Frente ao esgotamento de recursos naturais e à dependência de insumos químicos, a agricultura moderna busca soluções baseadas na própria natureza. Uma das estratégias mais promissoras é o uso de plantações florais — faixas de flores nativas dentro ou ao redor das lavouras — para atrair polinizadores e aumentar a produtividade.
No entanto, um debate dividia a ciência: essas flores auxiliam a colheita ao atrair abelhas ou prejudicam o sistema ao “distrair” os polinizadores, tirando-os da cultura principal?
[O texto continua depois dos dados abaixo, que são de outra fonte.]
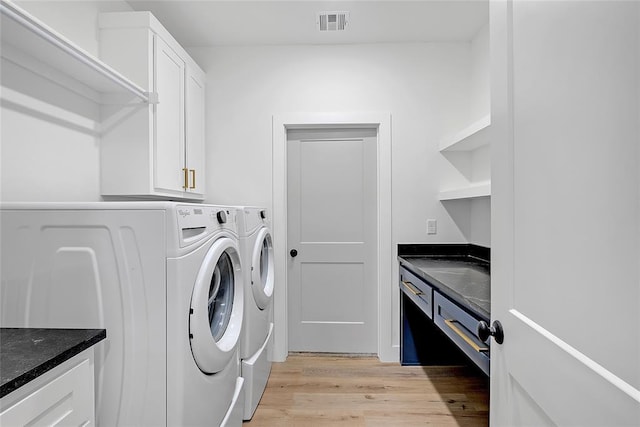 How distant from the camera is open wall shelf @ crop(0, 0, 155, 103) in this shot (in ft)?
3.87

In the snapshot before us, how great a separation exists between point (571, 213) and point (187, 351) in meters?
1.21

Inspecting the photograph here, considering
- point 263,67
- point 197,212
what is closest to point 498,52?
point 197,212

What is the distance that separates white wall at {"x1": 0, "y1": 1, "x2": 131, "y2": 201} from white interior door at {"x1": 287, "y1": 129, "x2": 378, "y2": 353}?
1.42 metres

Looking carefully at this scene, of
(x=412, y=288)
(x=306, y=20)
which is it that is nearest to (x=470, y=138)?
(x=412, y=288)

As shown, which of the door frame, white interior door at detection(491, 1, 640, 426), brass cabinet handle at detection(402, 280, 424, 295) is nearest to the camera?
white interior door at detection(491, 1, 640, 426)

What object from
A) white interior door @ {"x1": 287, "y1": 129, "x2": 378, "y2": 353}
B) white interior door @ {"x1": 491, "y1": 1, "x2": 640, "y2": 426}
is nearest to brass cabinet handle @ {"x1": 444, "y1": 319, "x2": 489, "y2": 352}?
white interior door @ {"x1": 491, "y1": 1, "x2": 640, "y2": 426}

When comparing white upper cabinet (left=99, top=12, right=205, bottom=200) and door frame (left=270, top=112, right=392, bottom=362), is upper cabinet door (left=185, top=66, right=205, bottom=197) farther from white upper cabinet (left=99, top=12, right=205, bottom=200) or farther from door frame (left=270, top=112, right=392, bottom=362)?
door frame (left=270, top=112, right=392, bottom=362)

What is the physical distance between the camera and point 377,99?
Result: 270cm

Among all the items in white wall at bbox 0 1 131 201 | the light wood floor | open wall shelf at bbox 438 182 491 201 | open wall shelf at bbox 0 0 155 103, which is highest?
open wall shelf at bbox 0 0 155 103

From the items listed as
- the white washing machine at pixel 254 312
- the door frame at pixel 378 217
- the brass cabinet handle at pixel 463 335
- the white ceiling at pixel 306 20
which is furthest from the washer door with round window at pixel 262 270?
the white ceiling at pixel 306 20

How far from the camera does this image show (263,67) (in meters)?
2.73

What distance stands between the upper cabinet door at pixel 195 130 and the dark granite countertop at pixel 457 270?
167 centimetres

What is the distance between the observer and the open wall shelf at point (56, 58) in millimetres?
1180

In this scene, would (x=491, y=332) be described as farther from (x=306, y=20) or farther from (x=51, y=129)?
(x=306, y=20) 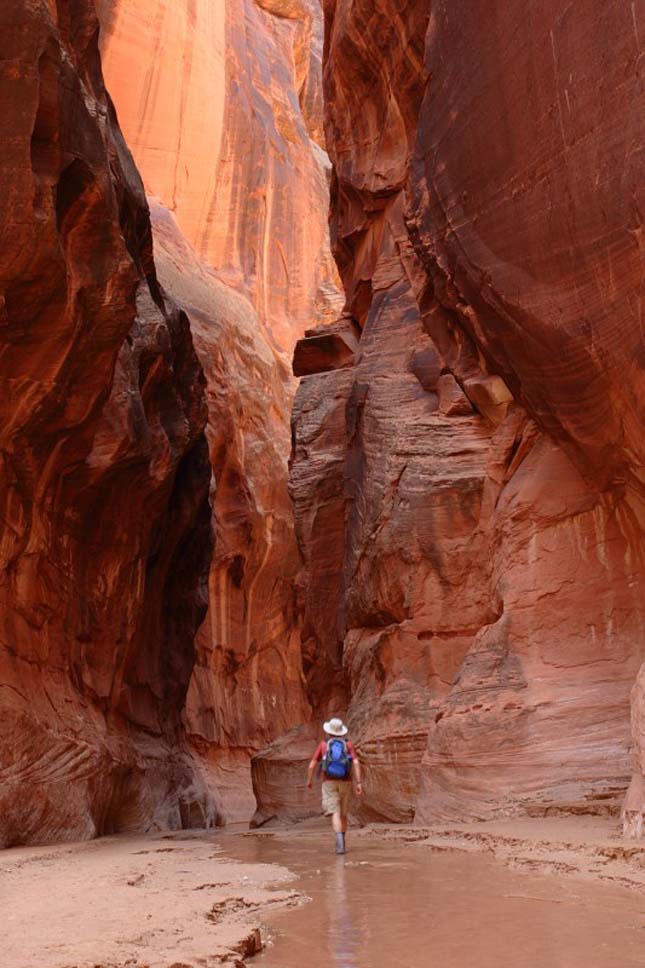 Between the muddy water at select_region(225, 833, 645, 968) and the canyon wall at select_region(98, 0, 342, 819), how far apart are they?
22.3 m

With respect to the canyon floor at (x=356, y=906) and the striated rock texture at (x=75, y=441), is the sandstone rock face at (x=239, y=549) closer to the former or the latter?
the striated rock texture at (x=75, y=441)

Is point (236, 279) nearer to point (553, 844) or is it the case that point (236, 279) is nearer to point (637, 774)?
point (637, 774)

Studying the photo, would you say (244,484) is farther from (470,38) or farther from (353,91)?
(470,38)

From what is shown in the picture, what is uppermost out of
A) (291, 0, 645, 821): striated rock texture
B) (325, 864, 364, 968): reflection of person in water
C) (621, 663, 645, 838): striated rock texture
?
(291, 0, 645, 821): striated rock texture

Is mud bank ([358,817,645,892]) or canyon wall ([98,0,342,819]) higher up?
canyon wall ([98,0,342,819])

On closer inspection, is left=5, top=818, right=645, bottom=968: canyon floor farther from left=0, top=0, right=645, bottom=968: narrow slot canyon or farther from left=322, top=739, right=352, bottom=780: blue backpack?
left=322, top=739, right=352, bottom=780: blue backpack

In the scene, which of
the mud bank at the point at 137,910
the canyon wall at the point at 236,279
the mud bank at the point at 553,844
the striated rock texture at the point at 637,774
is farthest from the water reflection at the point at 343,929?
the canyon wall at the point at 236,279

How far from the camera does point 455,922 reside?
5465 mm

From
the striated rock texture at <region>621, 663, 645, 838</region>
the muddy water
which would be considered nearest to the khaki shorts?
the muddy water

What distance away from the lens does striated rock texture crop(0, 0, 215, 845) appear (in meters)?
13.3

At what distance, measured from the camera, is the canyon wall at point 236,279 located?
33375 mm

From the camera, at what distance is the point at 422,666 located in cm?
1611

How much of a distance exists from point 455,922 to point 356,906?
936 millimetres

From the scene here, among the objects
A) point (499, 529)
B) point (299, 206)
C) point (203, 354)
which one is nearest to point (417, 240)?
Answer: point (499, 529) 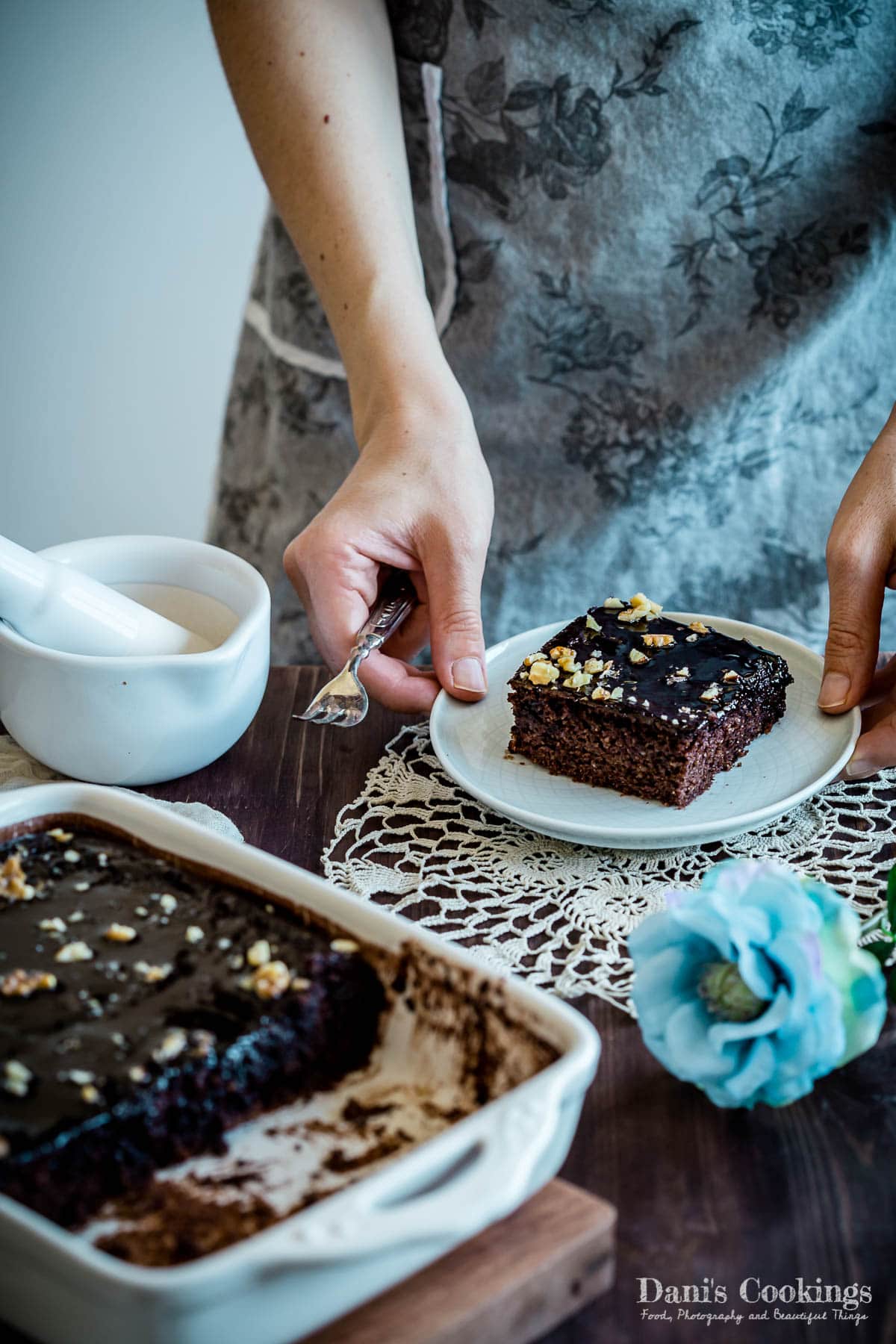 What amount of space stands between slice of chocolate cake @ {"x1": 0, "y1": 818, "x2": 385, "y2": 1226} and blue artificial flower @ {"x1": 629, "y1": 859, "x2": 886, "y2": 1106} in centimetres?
21

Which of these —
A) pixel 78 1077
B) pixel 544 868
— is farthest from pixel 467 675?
pixel 78 1077

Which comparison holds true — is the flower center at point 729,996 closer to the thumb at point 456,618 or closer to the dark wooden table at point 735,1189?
the dark wooden table at point 735,1189

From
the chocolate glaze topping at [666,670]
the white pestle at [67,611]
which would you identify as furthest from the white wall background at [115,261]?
the chocolate glaze topping at [666,670]

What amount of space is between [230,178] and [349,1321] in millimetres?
3597

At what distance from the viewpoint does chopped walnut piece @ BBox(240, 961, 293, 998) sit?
2.67 feet

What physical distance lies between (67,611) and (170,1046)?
0.59 metres

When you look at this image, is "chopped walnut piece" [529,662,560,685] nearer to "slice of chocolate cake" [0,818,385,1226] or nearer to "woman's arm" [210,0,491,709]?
"woman's arm" [210,0,491,709]

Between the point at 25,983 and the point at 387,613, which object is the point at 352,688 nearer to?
the point at 387,613

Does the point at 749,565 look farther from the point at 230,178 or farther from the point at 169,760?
the point at 230,178

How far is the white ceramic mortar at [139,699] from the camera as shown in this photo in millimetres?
1192

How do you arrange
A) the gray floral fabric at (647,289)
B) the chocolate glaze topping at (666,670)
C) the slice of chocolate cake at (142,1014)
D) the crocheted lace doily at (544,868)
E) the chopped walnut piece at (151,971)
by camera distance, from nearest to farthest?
the slice of chocolate cake at (142,1014) < the chopped walnut piece at (151,971) < the crocheted lace doily at (544,868) < the chocolate glaze topping at (666,670) < the gray floral fabric at (647,289)

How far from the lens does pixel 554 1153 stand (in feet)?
2.28

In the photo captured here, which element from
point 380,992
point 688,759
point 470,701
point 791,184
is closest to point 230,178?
point 791,184

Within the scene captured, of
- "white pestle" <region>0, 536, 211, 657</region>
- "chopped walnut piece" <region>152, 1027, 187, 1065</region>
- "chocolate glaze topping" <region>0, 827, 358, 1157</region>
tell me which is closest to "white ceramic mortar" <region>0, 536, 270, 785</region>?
"white pestle" <region>0, 536, 211, 657</region> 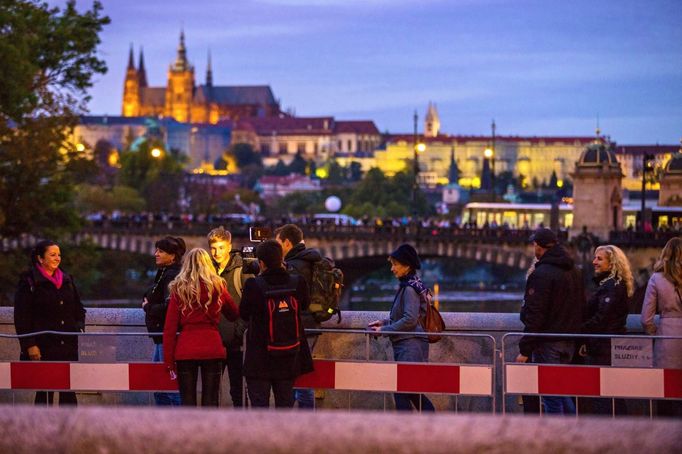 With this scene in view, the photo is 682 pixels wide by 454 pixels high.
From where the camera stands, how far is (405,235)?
63156 mm

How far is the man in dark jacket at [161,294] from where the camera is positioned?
9.47 m

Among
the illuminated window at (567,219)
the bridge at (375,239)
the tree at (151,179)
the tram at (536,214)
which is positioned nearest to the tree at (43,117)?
the bridge at (375,239)

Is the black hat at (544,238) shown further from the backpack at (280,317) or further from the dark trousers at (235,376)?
the dark trousers at (235,376)

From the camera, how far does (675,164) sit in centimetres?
5316

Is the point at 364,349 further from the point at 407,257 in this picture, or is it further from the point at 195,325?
the point at 195,325

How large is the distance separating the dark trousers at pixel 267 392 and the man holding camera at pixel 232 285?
689 mm

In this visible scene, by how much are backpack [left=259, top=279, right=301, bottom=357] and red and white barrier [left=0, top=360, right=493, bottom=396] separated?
864 millimetres

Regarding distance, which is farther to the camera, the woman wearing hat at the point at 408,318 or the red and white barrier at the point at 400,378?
the woman wearing hat at the point at 408,318

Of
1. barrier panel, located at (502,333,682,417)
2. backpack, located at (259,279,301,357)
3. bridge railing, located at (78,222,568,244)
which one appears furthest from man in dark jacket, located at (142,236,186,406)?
bridge railing, located at (78,222,568,244)

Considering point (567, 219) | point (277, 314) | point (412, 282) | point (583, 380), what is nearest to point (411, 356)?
point (412, 282)

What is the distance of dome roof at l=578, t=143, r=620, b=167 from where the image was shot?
2228 inches

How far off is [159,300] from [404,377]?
176cm

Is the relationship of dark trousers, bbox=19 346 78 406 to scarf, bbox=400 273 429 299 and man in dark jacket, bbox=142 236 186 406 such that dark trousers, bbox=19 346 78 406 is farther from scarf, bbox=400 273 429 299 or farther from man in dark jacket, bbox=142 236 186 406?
scarf, bbox=400 273 429 299

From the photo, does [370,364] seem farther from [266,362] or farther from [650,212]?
[650,212] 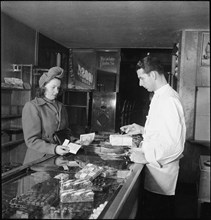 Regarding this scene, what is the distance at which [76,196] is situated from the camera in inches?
43.0

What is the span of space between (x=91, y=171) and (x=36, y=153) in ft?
2.30

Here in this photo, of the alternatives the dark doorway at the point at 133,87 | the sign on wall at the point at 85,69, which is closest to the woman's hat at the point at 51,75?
the dark doorway at the point at 133,87

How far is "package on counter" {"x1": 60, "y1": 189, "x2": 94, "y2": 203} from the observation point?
108cm

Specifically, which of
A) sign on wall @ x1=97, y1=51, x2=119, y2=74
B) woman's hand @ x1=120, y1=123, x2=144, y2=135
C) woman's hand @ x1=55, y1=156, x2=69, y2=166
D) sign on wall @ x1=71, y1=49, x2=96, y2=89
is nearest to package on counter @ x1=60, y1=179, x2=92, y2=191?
woman's hand @ x1=55, y1=156, x2=69, y2=166

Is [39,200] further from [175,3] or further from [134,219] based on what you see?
[175,3]

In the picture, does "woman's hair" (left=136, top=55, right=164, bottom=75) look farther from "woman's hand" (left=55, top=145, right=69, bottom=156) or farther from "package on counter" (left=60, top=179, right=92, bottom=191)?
"package on counter" (left=60, top=179, right=92, bottom=191)

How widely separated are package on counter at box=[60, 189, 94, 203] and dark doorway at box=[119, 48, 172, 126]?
3.96m

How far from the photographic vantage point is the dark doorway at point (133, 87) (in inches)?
208

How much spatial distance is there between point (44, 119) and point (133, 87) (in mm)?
3998

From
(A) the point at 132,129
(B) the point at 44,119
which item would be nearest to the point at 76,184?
(B) the point at 44,119

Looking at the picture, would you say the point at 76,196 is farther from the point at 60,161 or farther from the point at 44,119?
the point at 44,119

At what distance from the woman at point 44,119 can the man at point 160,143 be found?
1.85 feet

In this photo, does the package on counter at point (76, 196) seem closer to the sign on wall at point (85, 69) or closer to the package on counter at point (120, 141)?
the package on counter at point (120, 141)

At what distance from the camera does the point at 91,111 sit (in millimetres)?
5211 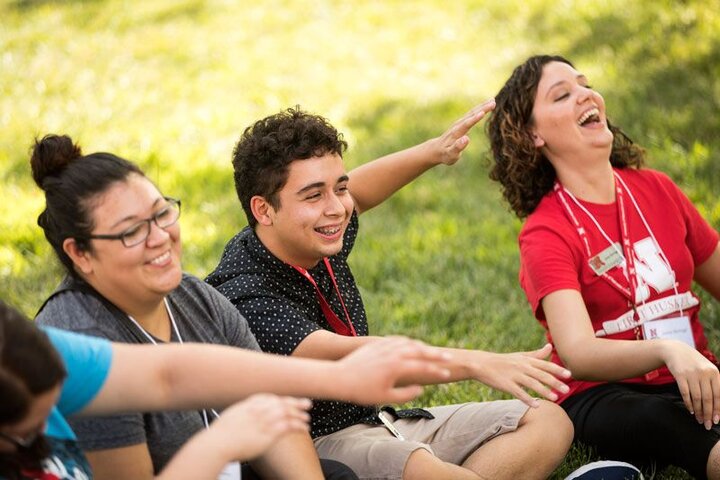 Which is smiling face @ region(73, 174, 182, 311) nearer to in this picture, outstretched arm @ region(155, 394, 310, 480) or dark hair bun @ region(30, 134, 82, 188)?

Pesquisadores do Instituto de Biociências (IB) da USP parecem ter encontrado a resposta por meio da “Hipótese Integradora”.
O segredo está no tempo
A pesquisa, conduzida por Cristina Akemi Kita sob orientação do professor Marco Mello no Laboratório de Síntese Ecológica (SintECO), propõe que o que antes eram vistos como efeitos opostos são, na verdade, fases de um mesmo processo.
- Efeito concentrador: inicialmente, as abelhas se concentram nos canteiros de flores enquanto a lavoura ainda não é atrativa.
- Efeito exportador: à medida que a cultura floresce e oferece recompensas energéticas, ocorre o “transbordamento” (transferência) das abelhas para a plantação comercial.
Essa dinâmica temporal explica por que estudos anteriores apresentavam resultados contraditórios.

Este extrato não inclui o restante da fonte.